Records for processing:

= = = = =

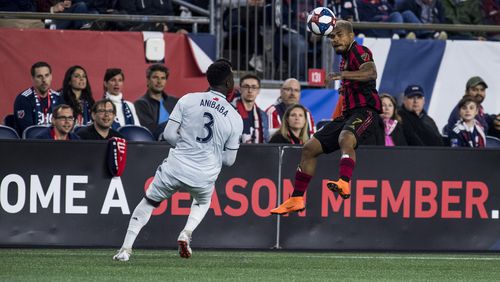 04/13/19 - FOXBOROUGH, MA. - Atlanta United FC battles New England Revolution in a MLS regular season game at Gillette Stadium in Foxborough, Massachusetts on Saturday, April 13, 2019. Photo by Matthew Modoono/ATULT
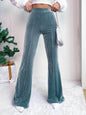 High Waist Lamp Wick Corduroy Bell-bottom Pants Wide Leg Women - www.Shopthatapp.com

= = = = =

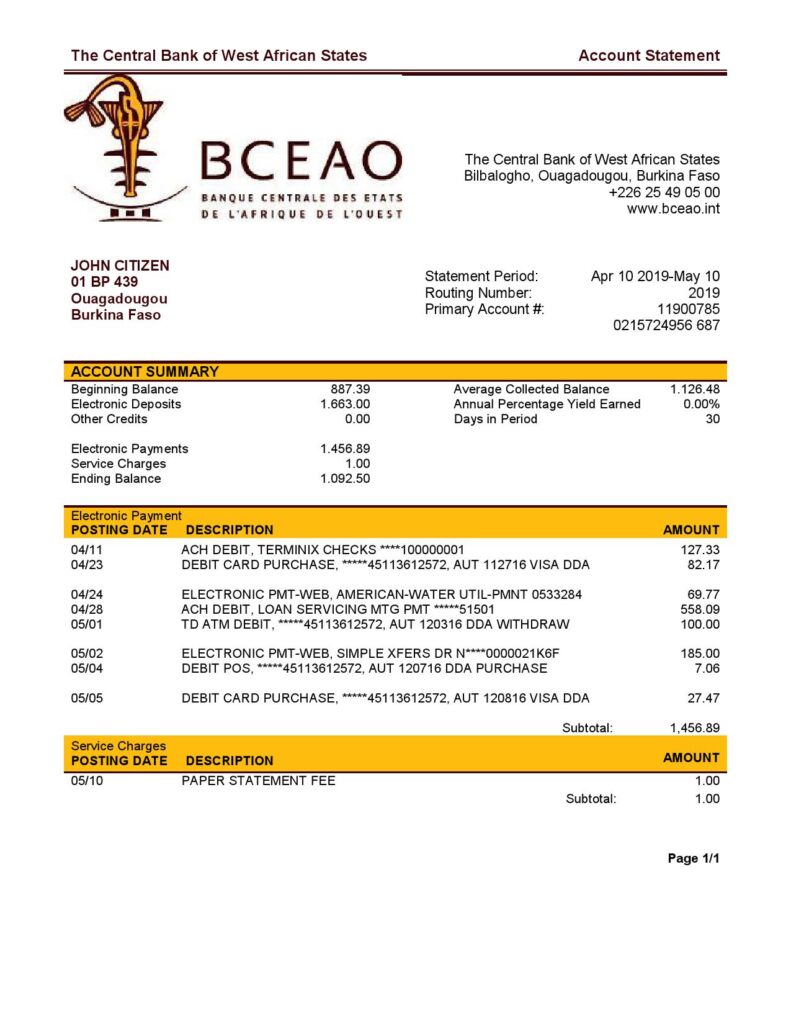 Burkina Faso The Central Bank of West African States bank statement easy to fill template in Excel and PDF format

= = = = =

Your assignment:
Copy out the lines above from the line containing "04/13/19 - FOXBOROUGH, MA." through the line containing "High Waist Lamp", exactly, and keep the pictures out.

Solution to this problem:
 04/13/19 - FOXBOROUGH, MA. - Atlanta United FC battles New England Revolution in a MLS regular season game at Gillette Stadium in Foxborough, Massachusetts on Saturday, April 13, 2019. Photo by Matthew Modoono/ATULT
 High Waist Lamp Wick Corduroy Bell-bottom Pants Wide Leg Women - www.Shopthatapp.com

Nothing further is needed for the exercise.